A la faveur d’une bonne fin de saison, le club francilien se place dans la course aux playoffs et termine finalement 8è de la saison régulière, soit le dernier strapontin qualificatif. Un joli bonus pour le club dont la fin de saison se joue avant tout sur la Coupe de France, dont la finale se joue six jours après la dernière journée de championnat. Une défaite en finale plus tard contre le voisin du Paris-Levallois, c’est une fin de saison en roue libre avec deux matchs de playoffs de gala qui se profilent à l’horizon pour les joueurs et leurs supporters.

Un exploit en appelle un autre

Pourtant, en ouverture des playoffs, Nanterre fait sensation et s’impose chez le 1er de la saison régulière, Gravelines-Dunkerque (95-101 après deux prolongations). C’est plus qu’un simple coup d’éclat, puisqu’au match retour, les banlieusards rééditent leur exploit et passent 20 points à leur adversaire, poussés par 1600 supporters survoltés dans le chaudron du Palais des Sports Maurice Thorez. Buycks (MVP de la saison régulière), Vaty, Bokolo et Monschau (élu coach de l’année devant l’entraîneur nanterrien, Pascal Donnadieu) sont en vacances dès les quarts, éliminés pour la deuxième saison consécutive par le huitième de la saison régulière. L’exploit nanterrien est déjà unanimement salué.

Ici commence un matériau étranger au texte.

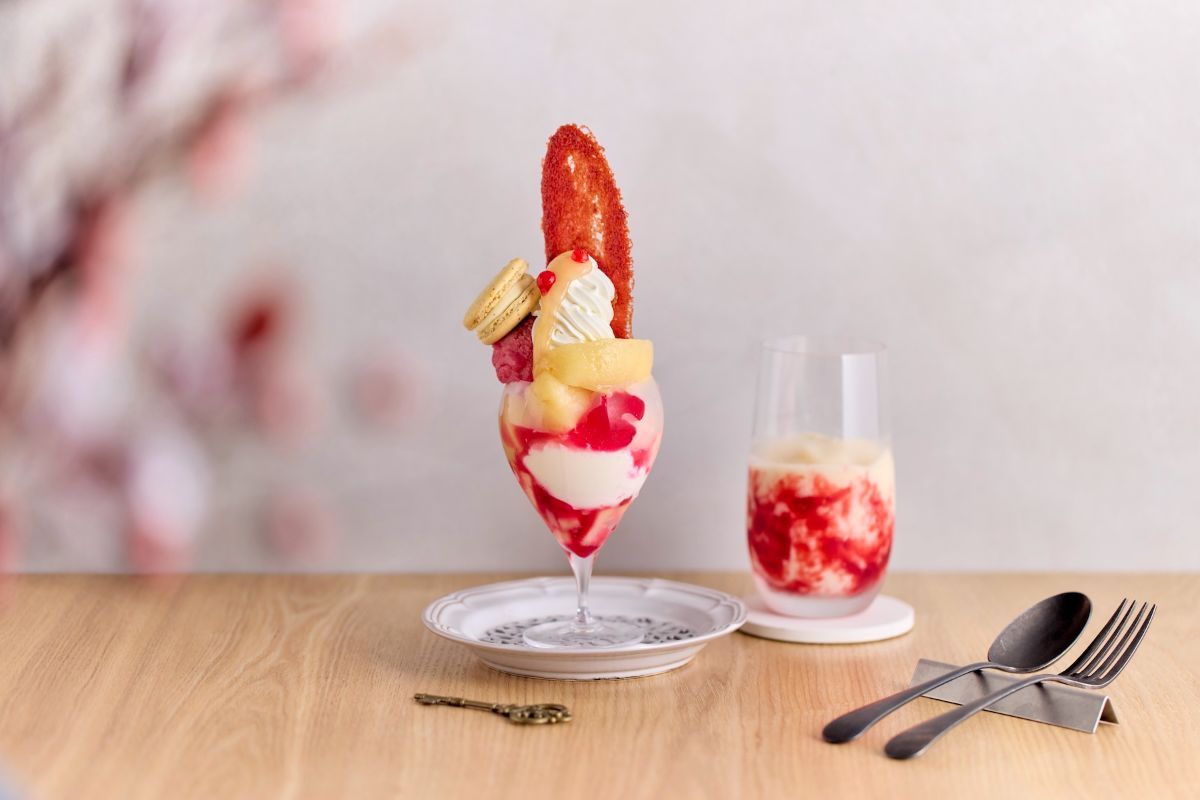 「桃etc&hellip;」単品1700円 ドリンクセット2200円（フラッペ） ※セットドリンクはコーヒー、紅茶、ルイボスティ、ジュース、フラッペから選べます。提供は8月初旬頃までを予定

Mais pourquoi s’arrêter là ? En demies, c’est Châlon et Blake Schilb qui font les frais de la furia nanterrienne en deux matchs secs. La France découvre David Lighty, auteur consécutivement de 25 points puis 27 points et 11 rebonds. Cet arrière américain de 25 ans, issu d’Ohio State et ancien lieutenant d’Evan Turner (Philadelphia Sixers) à l’université, joue pour la première fois dans une équipe dont il est l’option n°1 en attaque, et éteint Blake Schilb des deux côtés du terrain.

A la surprise générale, la JSF Nanterre se qualifie en finale et rencontre Strasbourg. Jouée jusqu’ici en un match unique, la finale se gagne désormais au meilleur des cinq manches et laisse ainsi moins la part au hasard. Le premier acte est toutefois sans suspense. Nanterre déjoue complètement est battu dans les grandes largeurs (89-55). La fin de l’état de grâce ? Au contraire, l’équipe se ressaisit et remporte les trois manches suivantes, dans un succès auquel chacun aura apporté sa pierre. Tout un symbole, le géant Ajinça (2m16) est dominé dans la raquette par Johan Passave-Ducteil (1m98), tandis que Jérémy Nzeulie, le dunker fou formé au club et peu habitué aux feux des projecteurs (3,2pts et 12min de moyenne en saison régulière) bat successivement ses records en carrière sur les deux derniers matchs de la finale (14 puis 17 points). Paris vibre en vert et blanc et c’est toute la France du basket qui se prend d’affection pour ce club attachant, dirigé par Jean Donnadieu et son fils Pascal depuis le 13è niveau national, qui aura successivement éliminé le coach de l’année (Christian Monschau), l’entraîneur champion de France (Gregor Beugnot) en titre, et enfin celui de l’équipe de France (Vincent Collet).

Et maintenant ?

Dès le lendemain de ce titre, on parle déjà de l’un des plus grands exploits du sport français en club. C’est une certitude. À force de travail, de talent, et surtout d’un état d’esprit exemplaire, les joueurs et le staff ont su repousser leurs limites et s’imposer face aux cadors du basket hexagonal en s’appuyant sur un jeu offensif débridé (44% à 3 points sur les huit matchs de playoffs) et une solidarité défensive exemplaire.

L’avenir s’inscrit toutefois avec de nombreux points d’interrogation. Comment conserver des joueurs qui seront largement sollicités à cette intersaison quand on paie son coach au minimum imposé par la convention collective ? Comment préparer l’Euroligue quand on a une salle de 1600 places alors que les textes imposent un minimum de 5000 ? Comment confirmer cet exploit sans se prendre les pieds dans le tapis alors que le club était encore en Pro B il y a deux saisons ? Autant de questions auquel le staff et les Donnadieu devront trouver les premiers éléments de réponse dès cet été. En attendant, saluons cet exploit et le coup de pouce médiatique qu’il aura généré pour le basket français.